Short text fragments from websites

Start of Block

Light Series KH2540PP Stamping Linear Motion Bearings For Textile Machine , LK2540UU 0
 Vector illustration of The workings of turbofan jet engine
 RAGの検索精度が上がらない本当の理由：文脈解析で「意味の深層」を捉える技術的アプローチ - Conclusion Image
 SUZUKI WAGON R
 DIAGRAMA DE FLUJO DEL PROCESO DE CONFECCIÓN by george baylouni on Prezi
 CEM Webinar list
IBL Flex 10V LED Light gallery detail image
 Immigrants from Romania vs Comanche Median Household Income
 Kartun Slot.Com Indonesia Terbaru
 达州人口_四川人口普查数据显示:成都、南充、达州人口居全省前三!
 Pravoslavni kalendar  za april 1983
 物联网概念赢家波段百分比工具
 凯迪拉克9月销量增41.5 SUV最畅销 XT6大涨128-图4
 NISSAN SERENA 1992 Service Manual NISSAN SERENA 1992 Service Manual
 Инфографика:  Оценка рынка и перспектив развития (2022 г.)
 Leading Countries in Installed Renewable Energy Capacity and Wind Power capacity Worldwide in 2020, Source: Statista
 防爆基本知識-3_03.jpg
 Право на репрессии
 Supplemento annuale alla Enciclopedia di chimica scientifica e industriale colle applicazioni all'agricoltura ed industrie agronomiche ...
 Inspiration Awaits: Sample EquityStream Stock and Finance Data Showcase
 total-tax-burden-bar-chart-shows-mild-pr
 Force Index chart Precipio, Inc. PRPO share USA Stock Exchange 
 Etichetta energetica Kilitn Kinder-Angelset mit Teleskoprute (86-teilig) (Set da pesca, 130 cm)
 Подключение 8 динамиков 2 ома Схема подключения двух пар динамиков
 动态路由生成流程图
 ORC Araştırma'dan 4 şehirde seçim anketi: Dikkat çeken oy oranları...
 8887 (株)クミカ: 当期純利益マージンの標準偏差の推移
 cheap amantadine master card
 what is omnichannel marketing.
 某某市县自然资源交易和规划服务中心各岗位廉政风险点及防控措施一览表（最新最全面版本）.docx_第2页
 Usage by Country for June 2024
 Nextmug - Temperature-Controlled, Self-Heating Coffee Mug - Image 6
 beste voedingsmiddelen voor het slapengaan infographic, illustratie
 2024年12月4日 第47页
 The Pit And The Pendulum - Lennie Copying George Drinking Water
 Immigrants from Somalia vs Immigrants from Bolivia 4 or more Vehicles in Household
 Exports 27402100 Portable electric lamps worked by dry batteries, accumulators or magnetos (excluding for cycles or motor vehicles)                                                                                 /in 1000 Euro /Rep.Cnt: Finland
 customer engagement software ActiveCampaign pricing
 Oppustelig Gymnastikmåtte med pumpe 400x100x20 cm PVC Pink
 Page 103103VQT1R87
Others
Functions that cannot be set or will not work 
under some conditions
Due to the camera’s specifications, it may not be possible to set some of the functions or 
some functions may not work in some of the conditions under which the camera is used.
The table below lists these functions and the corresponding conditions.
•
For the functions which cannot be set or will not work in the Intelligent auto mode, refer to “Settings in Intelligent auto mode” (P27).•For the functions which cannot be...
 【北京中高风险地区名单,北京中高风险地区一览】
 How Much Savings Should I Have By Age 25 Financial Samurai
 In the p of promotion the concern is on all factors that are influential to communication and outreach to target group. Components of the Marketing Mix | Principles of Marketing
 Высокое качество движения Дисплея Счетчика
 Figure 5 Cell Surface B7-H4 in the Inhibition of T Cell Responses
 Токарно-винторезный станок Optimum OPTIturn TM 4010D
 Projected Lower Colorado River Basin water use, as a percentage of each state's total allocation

End of Block

Exercise instructions: The records above, in their entirety, need to be set down again exactly.

Response to this exercise:
Light Series KH2540PP Stamping Linear Motion Bearings For Textile Machine , LK2540UU 0
 Vector illustration of The workings of turbofan jet engine
 RAGの検索精度が上がらない本当の理由：文脈解析で「意味の深層」を捉える技術的アプローチ - Conclusion Image
 SUZUKI WAGON R
 DIAGRAMA DE FLUJO DEL PROCESO DE CONFECCIÓN by george baylouni on Prezi
 CEM Webinar list
IBL Flex 10V LED Light gallery detail image
 Immigrants from Romania vs Comanche Median Household Income
 Kartun Slot.Com Indonesia Terbaru
 达州人口_四川人口普查数据显示:成都、南充、达州人口居全省前三!
 Pravoslavni kalendar  za april 1983
 物联网概念赢家波段百分比工具
 凯迪拉克9月销量增41.5 SUV最畅销 XT6大涨128-图4
 NISSAN SERENA 1992 Service Manual NISSAN SERENA 1992 Service Manual
 Инфографика:  Оценка рынка и перспектив развития (2022 г.)
 Leading Countries in Installed Renewable Energy Capacity and Wind Power capacity Worldwide in 2020, Source: Statista
 防爆基本知識-3_03.jpg
 Право на репрессии
 Supplemento annuale alla Enciclopedia di chimica scientifica e industriale colle applicazioni all'agricoltura ed industrie agronomiche ...
 Inspiration Awaits: Sample EquityStream Stock and Finance Data Showcase
 total-tax-burden-bar-chart-shows-mild-pr
 Force Index chart Precipio, Inc. PRPO share USA Stock Exchange 
 Etichetta energetica Kilitn Kinder-Angelset mit Teleskoprute (86-teilig) (Set da pesca, 130 cm)
 Подключение 8 динамиков 2 ома Схема подключения двух пар динамиков
 动态路由生成流程图
 ORC Araştırma'dan 4 şehirde seçim anketi: Dikkat çeken oy oranları...
 8887 (株)クミカ: 当期純利益マージンの標準偏差の推移
 cheap amantadine master card
 what is omnichannel marketing.
 某某市县自然资源交易和规划服务中心各岗位廉政风险点及防控措施一览表（最新最全面版本）.docx_第2页
 Usage by Country for June 2024
 Nextmug - Temperature-Controlled, Self-Heating Coffee Mug - Image 6
 beste voedingsmiddelen voor het slapengaan infographic, illustratie
 2024年12月4日 第47页
 The Pit And The Pendulum - Lennie Copying George Drinking Water
 Immigrants from Somalia vs Immigrants from Bolivia 4 or more Vehicles in Household
 Exports 27402100 Portable electric lamps worked by dry batteries, accumulators or magnetos (excluding for cycles or motor vehicles)                                                                                 /in 1000 Euro /Rep.Cnt: Finland
 customer engagement software ActiveCampaign pricing
 Oppustelig Gymnastikmåtte med pumpe 400x100x20 cm PVC Pink
 Page 103103VQT1R87
Others
Functions that cannot be set or will not work 
under some conditions
Due to the camera’s specifications, it may not be possible to set some of the functions or 
some functions may not work in some of the conditions under which the camera is used.
The table below lists these functions and the corresponding conditions.
•
For the functions which cannot be set or will not work in the Intelligent auto mode, refer to “Settings in Intelligent auto mode” (P27).•For the functions which cannot be...
 【北京中高风险地区名单,北京中高风险地区一览】
 How Much Savings Should I Have By Age 25 Financial Samurai
 In the p of promotion the concern is on all factors that are influential to communication and outreach to target group. Components of the Marketing Mix | Principles of Marketing
 Высокое качество движения Дисплея Счетчика
 Figure 5 Cell Surface B7-H4 in the Inhibition of T Cell Responses
 Токарно-винторезный станок Optimum OPTIturn TM 4010D
 Projected Lower Colorado River Basin water use, as a percentage of each state's total allocation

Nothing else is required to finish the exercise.